I went to Howie in the Hills to sketch a small town Christmas Festival. I fell on love with a home in Howie in the Hills which looked like a 1920s Hollywood hacienda. The home was on the main road where traffic is supposed to travel at 35 miles per hour, but the huge 18 wheelers seem to roar by at 55 miles per hour. The studio would have faced out on that main road.  I returned to the home a second time to see if the noise was an issue. The first time the real estate brokers had been talking constantly. This time I wanted a moment of peace to stop and reflect. There was a tall grouping of bamboo between what would have been the studio windows and the road. I considered planting more bamboo to further muffle the roar of traffic.

On the second floor the real estate broker confided for the first time that there was termite damage to a door frame. The termites had infested the home starting in the kitchen and then migrated through the walls upstairs. The door frame was so hollow that the door higes had nothing to hold onto. The door was resting 0n the floor. I hadn’t tried closing the door on my first walk through of the home. I abandoned the idea of buying that home. It was also too far from the events that I love to sketch each day. I like being able to walk to coffee shops and arts venues to sketch at a moments notice. Howie in the Hills is about an hour and a half drive from any Orlando events.

I am 0n a staycation at an AirBnB in Thornon Park, Orlando Florida. Since staying here, I have been doing several sketches every day. After I teach a virtual class tonight, I will be walking down the street to City Arts Factory to sketch Story Club. If I was still out in the country the hour and a half drive would have made the sketch opportunity a no go. The AirBnB is in a great location, but it has no WiFi, so I have to move again in a couple of days.

I parked across the street from the Howie in the Hills home I had decided was all wrong for me and I walked to the Christmas Festival. There was a stage for performers and I leaned against it to sketch the inflatable bounce houses. One of the staff who were supervising the bounce houses and slides set up beside me to eat lunch. He explained that he had to ask one kid to leave because the kid was bullying other children. By refusing the bully admission, the other kids could play without the harassment. If only politics were so easy.

I enoyed watching the kids trying to scale the rock climbing tower. One boy kept trying and failing at reaching the top. I admired that he never gave up. An older girl managed to get to the top on her second try. She raised her hands in victory and was lowered to the ground swaying on her safety rope. The little boy looked on in wonder and then attempted his climb with renewed determination. He failed again. He was dropped to the ground swinging on his safety rope with his arms dangling. I don’t know if the little boy ever made it to the top of the tower. As I packed up my sketchbook he was in the midst of another attempt.

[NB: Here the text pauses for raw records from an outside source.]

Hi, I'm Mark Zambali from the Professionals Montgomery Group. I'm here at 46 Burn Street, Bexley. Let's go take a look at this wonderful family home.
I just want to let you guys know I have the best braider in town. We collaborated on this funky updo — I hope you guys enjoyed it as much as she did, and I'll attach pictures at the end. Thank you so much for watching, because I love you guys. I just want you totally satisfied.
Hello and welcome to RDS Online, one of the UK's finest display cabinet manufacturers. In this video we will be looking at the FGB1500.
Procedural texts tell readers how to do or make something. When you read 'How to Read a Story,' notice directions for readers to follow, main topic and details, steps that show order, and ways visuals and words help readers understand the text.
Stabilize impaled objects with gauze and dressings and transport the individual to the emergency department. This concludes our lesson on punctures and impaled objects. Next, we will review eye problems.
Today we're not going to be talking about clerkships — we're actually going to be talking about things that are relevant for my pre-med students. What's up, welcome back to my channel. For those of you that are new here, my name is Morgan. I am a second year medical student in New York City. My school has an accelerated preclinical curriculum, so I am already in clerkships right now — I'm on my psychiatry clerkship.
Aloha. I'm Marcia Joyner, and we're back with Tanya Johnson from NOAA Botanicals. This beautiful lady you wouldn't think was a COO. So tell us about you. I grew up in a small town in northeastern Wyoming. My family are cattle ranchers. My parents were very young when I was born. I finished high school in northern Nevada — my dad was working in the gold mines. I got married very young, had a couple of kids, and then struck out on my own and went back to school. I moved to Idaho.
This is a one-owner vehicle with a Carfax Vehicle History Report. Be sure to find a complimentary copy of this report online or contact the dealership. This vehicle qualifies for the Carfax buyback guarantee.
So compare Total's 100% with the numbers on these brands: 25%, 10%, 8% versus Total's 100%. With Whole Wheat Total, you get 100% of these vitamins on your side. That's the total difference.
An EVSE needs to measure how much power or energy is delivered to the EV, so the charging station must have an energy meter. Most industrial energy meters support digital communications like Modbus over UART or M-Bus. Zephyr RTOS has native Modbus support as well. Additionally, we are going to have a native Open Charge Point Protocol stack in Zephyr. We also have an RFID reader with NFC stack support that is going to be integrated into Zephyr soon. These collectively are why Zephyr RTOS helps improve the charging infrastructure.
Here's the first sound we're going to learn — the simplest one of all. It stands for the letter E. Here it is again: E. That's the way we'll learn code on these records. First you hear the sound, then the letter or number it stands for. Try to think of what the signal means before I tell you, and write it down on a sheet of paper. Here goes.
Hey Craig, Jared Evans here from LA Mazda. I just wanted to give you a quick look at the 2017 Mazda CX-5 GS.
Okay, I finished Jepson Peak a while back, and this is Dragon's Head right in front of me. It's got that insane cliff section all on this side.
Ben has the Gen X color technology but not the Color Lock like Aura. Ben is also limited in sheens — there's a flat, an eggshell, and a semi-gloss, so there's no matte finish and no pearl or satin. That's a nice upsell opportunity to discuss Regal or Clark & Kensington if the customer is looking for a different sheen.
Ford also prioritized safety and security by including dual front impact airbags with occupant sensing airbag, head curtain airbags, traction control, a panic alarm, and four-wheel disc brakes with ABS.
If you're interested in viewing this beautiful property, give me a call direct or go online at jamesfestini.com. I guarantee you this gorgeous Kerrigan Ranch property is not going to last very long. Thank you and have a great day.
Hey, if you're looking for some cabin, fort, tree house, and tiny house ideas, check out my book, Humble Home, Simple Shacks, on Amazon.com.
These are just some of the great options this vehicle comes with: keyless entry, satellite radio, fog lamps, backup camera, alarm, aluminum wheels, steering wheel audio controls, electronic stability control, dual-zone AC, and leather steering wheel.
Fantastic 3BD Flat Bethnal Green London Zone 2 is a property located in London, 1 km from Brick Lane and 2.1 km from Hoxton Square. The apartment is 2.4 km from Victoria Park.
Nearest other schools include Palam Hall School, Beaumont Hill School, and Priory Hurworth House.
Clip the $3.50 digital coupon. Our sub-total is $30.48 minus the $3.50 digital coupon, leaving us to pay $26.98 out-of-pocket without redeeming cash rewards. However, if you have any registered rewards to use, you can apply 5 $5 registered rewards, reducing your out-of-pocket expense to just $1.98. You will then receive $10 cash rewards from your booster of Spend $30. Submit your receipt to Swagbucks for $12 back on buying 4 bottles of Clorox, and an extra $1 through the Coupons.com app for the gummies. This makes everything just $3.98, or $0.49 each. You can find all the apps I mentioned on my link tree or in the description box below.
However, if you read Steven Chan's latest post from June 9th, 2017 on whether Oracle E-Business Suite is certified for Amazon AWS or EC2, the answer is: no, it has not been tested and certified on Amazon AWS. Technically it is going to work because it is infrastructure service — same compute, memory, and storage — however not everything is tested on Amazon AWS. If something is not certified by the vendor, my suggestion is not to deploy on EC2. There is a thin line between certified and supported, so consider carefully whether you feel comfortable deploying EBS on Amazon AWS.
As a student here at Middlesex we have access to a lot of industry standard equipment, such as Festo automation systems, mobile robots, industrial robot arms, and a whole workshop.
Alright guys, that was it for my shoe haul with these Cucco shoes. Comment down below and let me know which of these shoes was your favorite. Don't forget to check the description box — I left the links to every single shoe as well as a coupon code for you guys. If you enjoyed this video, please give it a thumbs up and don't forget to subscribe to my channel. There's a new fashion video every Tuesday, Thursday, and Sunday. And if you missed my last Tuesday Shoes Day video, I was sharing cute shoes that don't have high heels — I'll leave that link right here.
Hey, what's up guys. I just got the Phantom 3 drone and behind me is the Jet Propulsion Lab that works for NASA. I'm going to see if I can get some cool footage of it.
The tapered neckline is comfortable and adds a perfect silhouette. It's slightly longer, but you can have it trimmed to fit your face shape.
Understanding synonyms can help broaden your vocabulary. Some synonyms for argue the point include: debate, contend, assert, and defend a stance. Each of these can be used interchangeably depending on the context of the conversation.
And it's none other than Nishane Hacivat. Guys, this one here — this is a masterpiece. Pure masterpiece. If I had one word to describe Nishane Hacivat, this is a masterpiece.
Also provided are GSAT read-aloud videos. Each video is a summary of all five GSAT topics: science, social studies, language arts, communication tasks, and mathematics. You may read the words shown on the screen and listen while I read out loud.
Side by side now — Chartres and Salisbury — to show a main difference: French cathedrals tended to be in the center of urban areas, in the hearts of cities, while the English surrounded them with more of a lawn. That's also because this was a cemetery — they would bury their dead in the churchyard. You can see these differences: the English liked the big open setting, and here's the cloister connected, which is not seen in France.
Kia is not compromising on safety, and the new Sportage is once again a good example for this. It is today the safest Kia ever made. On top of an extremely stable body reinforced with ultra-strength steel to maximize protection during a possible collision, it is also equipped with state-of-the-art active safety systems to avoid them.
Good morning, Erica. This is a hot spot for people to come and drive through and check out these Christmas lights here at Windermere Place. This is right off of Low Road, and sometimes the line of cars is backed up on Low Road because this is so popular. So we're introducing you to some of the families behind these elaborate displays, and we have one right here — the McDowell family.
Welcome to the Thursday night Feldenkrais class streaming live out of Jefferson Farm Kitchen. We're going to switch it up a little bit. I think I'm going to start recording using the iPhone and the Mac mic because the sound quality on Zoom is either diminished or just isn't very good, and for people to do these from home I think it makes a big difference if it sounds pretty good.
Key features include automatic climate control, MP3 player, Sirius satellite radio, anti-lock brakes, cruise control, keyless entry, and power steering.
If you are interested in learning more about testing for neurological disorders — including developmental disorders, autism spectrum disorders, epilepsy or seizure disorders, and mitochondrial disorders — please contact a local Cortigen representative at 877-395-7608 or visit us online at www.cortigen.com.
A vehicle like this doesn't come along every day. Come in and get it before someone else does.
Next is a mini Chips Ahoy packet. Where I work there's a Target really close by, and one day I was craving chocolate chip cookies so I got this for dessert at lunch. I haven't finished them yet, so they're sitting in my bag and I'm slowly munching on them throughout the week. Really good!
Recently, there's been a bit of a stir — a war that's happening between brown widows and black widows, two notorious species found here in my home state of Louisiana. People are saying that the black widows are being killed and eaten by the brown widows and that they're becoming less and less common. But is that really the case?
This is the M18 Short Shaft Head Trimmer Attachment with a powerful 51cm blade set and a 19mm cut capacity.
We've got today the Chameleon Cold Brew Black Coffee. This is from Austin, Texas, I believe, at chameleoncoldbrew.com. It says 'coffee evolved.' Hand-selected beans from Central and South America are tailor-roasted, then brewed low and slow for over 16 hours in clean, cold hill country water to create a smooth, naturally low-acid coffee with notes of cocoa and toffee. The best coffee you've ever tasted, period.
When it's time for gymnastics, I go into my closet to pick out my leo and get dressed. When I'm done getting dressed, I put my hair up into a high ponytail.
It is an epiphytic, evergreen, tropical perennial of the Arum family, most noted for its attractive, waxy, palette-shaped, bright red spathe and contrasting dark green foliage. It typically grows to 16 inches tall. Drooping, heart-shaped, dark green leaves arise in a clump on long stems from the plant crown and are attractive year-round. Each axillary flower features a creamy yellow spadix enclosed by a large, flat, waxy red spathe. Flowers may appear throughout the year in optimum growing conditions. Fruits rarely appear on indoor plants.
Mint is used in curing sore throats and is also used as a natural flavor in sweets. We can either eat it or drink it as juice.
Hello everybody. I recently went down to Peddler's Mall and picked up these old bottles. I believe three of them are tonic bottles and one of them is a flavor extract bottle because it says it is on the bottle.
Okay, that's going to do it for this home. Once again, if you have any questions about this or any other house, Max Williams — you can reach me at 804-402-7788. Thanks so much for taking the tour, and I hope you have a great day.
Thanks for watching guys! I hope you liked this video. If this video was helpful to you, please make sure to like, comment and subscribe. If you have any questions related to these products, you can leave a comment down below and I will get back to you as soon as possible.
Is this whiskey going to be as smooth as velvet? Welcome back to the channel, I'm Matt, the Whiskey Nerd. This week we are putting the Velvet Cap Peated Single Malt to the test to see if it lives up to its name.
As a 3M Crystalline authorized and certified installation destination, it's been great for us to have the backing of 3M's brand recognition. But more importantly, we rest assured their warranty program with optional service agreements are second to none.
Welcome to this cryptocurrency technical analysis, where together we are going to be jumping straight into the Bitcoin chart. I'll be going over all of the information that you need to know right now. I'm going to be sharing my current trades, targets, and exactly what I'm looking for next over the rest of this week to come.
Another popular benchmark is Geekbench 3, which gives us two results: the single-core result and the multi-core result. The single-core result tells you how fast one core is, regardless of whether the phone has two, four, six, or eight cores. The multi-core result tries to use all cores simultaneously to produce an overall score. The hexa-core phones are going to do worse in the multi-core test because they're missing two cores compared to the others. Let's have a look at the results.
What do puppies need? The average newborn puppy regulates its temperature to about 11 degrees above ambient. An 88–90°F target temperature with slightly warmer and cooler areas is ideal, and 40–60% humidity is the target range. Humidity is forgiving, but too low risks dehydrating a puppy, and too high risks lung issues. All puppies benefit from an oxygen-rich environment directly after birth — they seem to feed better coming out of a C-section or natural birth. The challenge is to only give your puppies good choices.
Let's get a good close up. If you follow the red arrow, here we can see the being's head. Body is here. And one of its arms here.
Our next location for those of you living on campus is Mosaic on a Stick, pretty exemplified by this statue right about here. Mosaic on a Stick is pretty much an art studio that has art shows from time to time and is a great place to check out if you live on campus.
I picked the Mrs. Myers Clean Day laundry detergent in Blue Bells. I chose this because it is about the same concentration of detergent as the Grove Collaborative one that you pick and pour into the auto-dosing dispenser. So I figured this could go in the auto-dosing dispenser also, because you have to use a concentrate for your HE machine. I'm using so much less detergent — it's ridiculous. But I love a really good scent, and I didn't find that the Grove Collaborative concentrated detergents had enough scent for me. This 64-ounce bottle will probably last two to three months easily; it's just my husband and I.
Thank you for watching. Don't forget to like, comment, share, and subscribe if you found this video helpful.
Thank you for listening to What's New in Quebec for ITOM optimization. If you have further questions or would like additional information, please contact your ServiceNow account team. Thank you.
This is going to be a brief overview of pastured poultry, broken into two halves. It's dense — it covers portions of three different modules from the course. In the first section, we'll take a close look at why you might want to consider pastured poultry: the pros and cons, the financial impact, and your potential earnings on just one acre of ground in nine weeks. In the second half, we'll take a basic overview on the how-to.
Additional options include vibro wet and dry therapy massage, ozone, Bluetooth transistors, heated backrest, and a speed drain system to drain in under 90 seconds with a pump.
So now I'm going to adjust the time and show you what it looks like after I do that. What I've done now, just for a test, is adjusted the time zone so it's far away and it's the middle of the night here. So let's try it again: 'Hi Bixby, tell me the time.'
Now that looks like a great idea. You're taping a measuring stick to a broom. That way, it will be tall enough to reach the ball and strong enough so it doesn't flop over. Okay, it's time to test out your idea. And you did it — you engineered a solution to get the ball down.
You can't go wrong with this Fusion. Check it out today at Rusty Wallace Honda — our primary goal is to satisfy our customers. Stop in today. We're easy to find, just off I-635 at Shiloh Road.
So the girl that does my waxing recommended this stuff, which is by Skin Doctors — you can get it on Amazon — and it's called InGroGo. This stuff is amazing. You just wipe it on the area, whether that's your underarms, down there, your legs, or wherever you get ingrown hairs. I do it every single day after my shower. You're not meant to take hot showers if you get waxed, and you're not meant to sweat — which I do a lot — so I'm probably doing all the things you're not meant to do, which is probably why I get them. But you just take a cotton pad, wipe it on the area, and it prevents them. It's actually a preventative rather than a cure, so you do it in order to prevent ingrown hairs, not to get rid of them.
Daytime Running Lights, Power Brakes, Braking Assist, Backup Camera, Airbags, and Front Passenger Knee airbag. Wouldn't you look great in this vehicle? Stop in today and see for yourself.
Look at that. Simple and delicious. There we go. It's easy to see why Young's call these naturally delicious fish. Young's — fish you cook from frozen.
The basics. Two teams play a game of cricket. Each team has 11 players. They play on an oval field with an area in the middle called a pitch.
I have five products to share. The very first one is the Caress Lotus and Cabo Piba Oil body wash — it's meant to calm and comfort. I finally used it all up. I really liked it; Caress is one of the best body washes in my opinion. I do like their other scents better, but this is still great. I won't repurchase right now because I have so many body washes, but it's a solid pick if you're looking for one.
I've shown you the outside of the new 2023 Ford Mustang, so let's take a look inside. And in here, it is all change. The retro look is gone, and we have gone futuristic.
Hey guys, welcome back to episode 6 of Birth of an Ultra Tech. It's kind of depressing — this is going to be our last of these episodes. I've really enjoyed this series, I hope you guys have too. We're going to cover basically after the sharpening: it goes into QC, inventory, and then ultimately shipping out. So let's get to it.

I walked down the street filled with tents where vendors offered their Christmas knick knacks. I wasn’t tempted to purchases anything. To be honest I kind of skipped Christmas this year. My Christmas highlight this year was a Christmas market in Plettenberg Germany and sipping mulled wine while overlooking Wiesbaden Germany from a mountain top. This small Howie in the Hills estival felt overly commercial and shallow in comparison. There wasn’t much history behind the festivities. Being single and completely unattached, the holidays have less meaning. I might just treat myself to a new sketchbook or some new tubes of paint. I can’t order them online, since I don’t know where my next address will be.